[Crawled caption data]
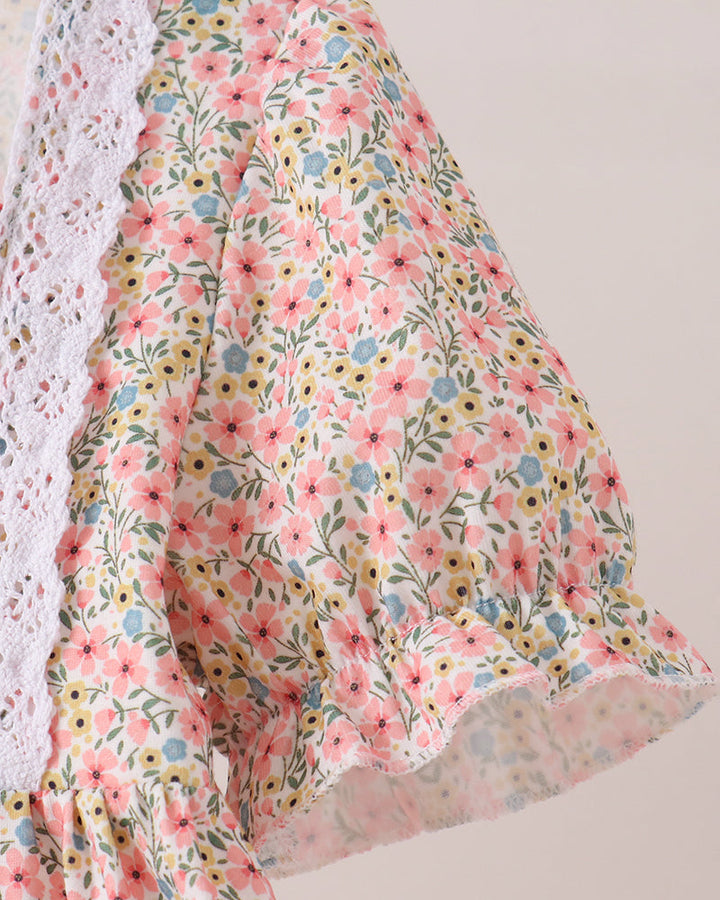 A close-up of a floral-patterned fabric garment, showing a ruffled sleeve with pink, yellow, and blue flowers on a light background, alongside a white lace trim.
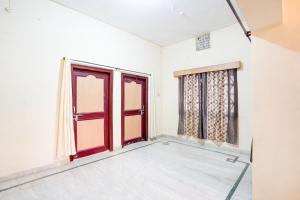 um quarto vazio com portas e janelas vermelhas em SPOT ON Muskan Lodge & Restaurants em Jāmul
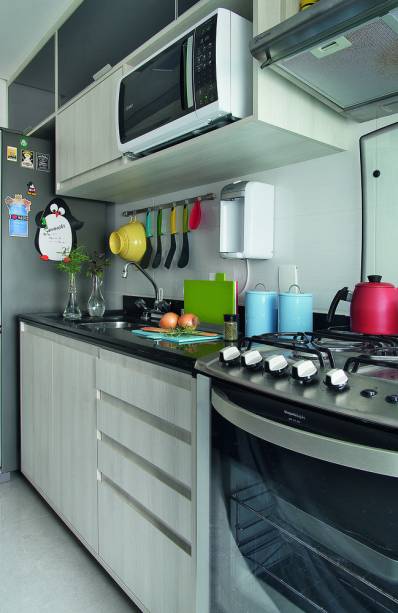 <span>Apenas um lado do ambiente recebeu marcenaria, tendo em vista a melhor área de circulação. As portas dos módulos superiores, de vidro preto, dão charme aos móveis de madeira clarinha. Projeto do arquiteto André Bove.</span> <span>Apenas um lado do ambiente recebeu marcenaria, tendo em vista a melhor área de circulação. As portas dos módulos superiores, de vidro preto, dão charme aos móveis de madeira clarinha. Projeto do arquiteto André Bove.</span>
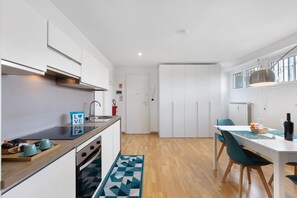 Una cocina moderna con armarios blancos, encimera de madera y un comedor con mesa y sillas.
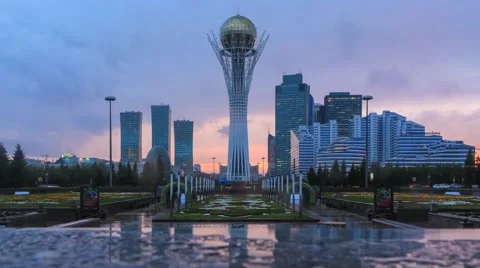 Beautiful evening view with the rainy clouds behind Bayterek in Astana Stock-Footage 55578560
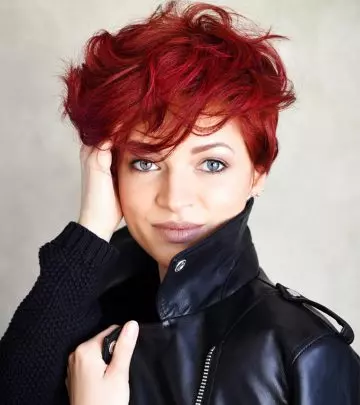 A woman with a red-colored fluffy pixie haircut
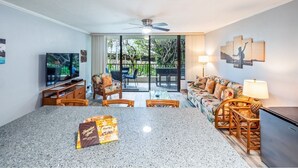 A hotel room with a kitchen area, dining table, and chairs. There is a television, a refrigerator, and a dining area with a view of the outdoors. - Kalanikai 118 Highly Walkable! (Kailua-Kona)
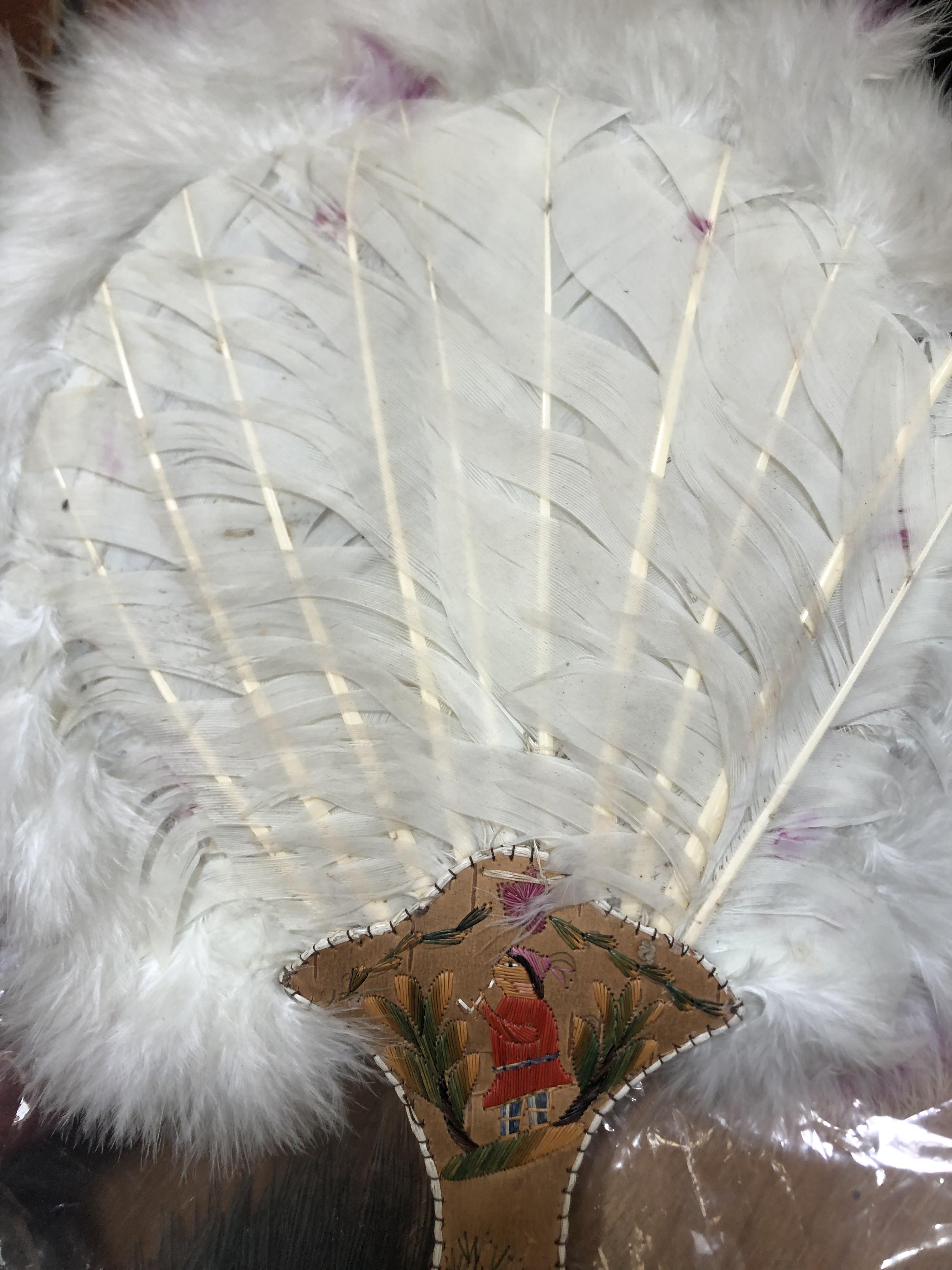 A North American Indian feather fixed fan, 19th century, applied with a small bird, the shaped - Image 7 of 8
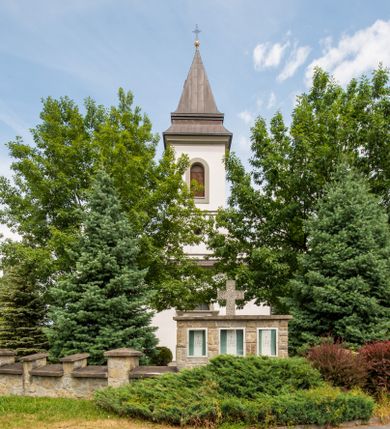 Zdjęcie nr 10: Kościół murowany, tynkowany, orientowany, jednonawowy. Prezbiterium prostokątne, krótkie, zamknięte trójbocznie, przy północnej ścianie prostokątna zakrystia z niższym przedsionkiem. Od wschodu, na zewnętrznej ścianie prezbiterium ogrójec. Nawa główna szersza od prezbiterium, na rzucie prostokąta, od północy przylega prostokątna kaplica, do której od zachodu dobudowany jest niski przedsionek, od południa przylega kruchta boczna, od zachodu prostokątny przedsionek z wieżą na planie kwadratu. Prezbiterium i nawa nakryte stropami, łuk tęczowy półkolisty, wewnątrz ujęty pilastrami, zakończony kluczem. Dostęp do kaplicy z nawy głównej przez wysokie przejście arkadowe na ścianie północnej, w południowej przejście do kruchty bocznej, na osi, pod chórem wejście do przedsionka. Kaplica boczna sklepiona kolebkowo. Fasada bez podziałów z wbudowaną wieżą, ujętą spłaszczonymi spływami. Na osi portal wejściowy flankowany dwoma pilastrami podtrzymującymi gzyms, na którym znajduje się półkoliste okno. W polu dwuskrzydłowe drzwi wejściowe ujęte opaską tynkową. Wieża dwukondygnacyjna, w dolnej kondygnacji okulus, w górnej okna w formie stojącego prostokąta zamkniętego łukiem półkolistym usytuowane z czterech stron. Na spływach ujmujących wieżę dwa okulusy. Wieża nakryta dachem ostrosłupowym. Południowa ściana oraz prezbiterium opięte grubymi szkarpami nakrytymi daszkami o nieregularnej wysokości. Do wschodniej ściany prezbiterium dobudowany murowany ogrojec flankowany filarami, nakryty wielospadowym daszkiem. Elewacje gładkie, tynkowane zakończone profilowanym gzymsem. Wejścia do kościoła przez przybudówkę kaplicy bocznej od północy oraz przez zachodni przedsionek i południową kruchtę. Okna w formie stojącego prostokąta zamkniętego łukiem półkolistym: siedem w elewacji południowej, trzy w północnej. Okna w formie stojącego prostokąta w dwóch kondygnacjach na północnej i południowej ścianie przedsionka zachodniego. Nawa główna, prezbiterium, kaplica i kruchta boczna nakryte dachem dwuspadowym, zakrystia i przybudówki dachami pulpitowymi. 
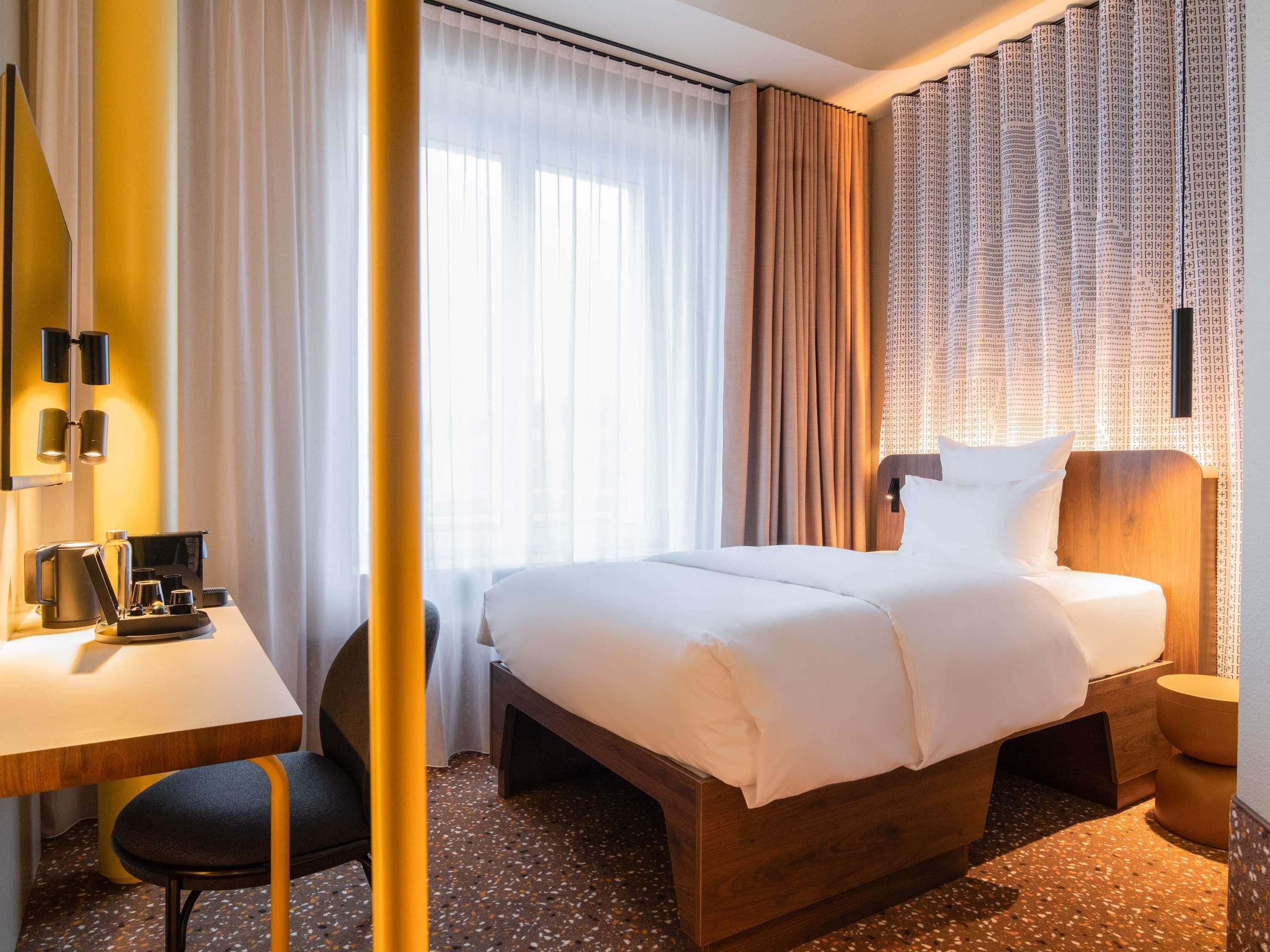 A hotel room with a bed, a desk, a chair, and a small table with a coffee maker.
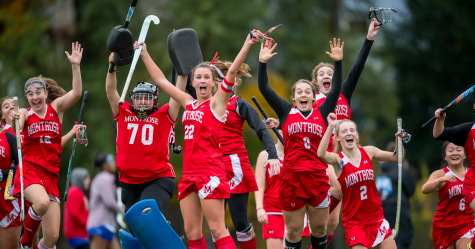 Field Hockey Co-Captain and Co-Sports Editor Mary McManmon 20 jumps for joy with her teammates after a game at McCarthy Field last fall.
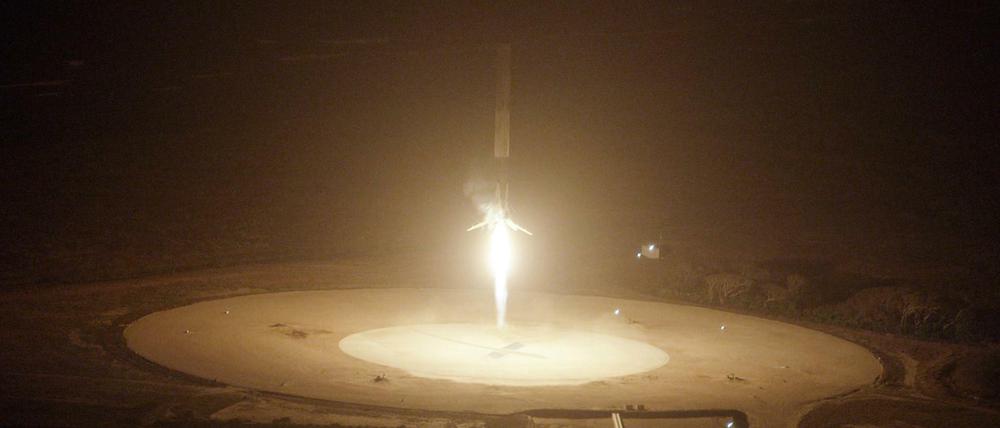 Landeanflug. Das Foto zeigt wie die "Falcon-9" aufrecht stehend zur Erde zurückkehrt und landet. 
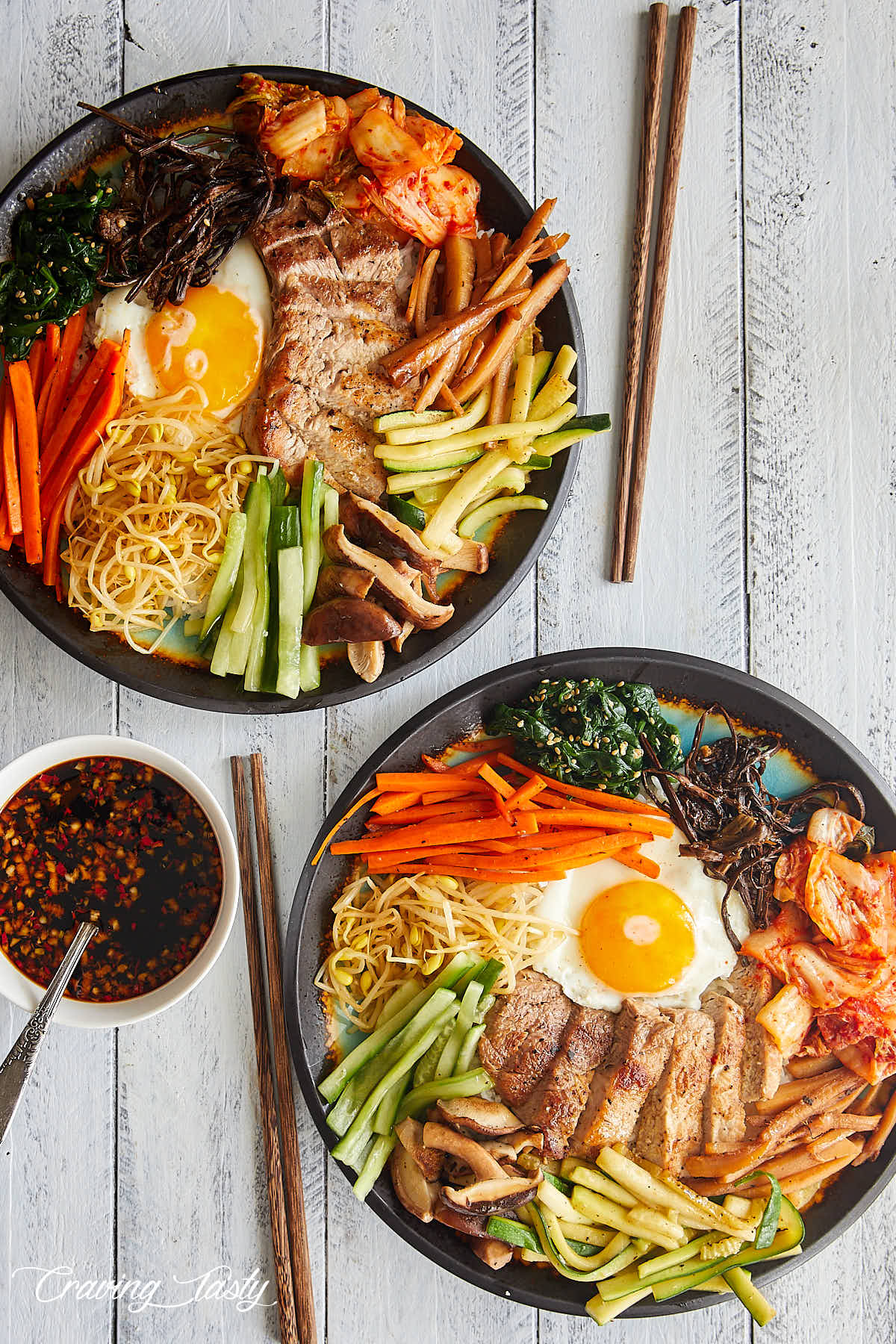 Two bibimbap bowls with a sauce and chopsticks next two them on a white table.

| Work to be completed |
Quote the lines above exactly, starting with the one that has "Una cocina moderna" and ending with the one that has "A woman with"; drop the pictures and include nothing else.

| Response for this exercise |
 Una cocina moderna con armarios blancos, encimera de madera y un comedor con mesa y sillas.
 Beautiful evening view with the rainy clouds behind Bayterek in Astana Stock-Footage 55578560
 A woman with a red-colored fluffy pixie haircut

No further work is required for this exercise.